Quotery
Quote #141710

Got no check books, got no banks. Still I'd like to express my thanks — I got the sun in the morning and the moon at night.

Irving Berlin

About This Quote

These lines come from Irving Berlin’s song “I Got the Sun in the Morning (and the Moon at Night),” written for the Broadway musical Annie Get Your Gun. In the show, the number is associated with the character Annie Oakley, who contrasts her lack of money or conventional security (“no check books… no banks”) with a sense of abundance drawn from nature and everyday experience. Berlin wrote the score in the late 1940s for a star vehicle built around Ethel Merman, and the lyric reflects the musical’s recurring theme of plainspoken, frontier-inflected optimism set against the trappings of wealth and status.

Interpretation

The lyric turns material deprivation into a declaration of contentment.
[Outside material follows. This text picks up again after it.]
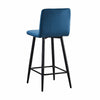 2 Pcs Blue Velvet Bar Chairs High Bar Stools with Backrest & Metal Legs Home Bar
By listing what she lacks—financial instruments and institutions—then pivoting to gratitude for the sun and moon, the speaker reframes “riches” as access to the basic, freely given rhythms of life. The contrast is deliberately homely and comic, but it also carries a moral: security and happiness need not depend on money or social standing. In the context of a musical about fame, competition, and romance, the line underscores Annie’s grounded self-reliance and her ability to find value outside the marketplace.

Source

Irving Berlin, “I Got the Sun in the Morning (and the Moon at Night),” song from the Broadway musical Annie Get Your Gun (1946).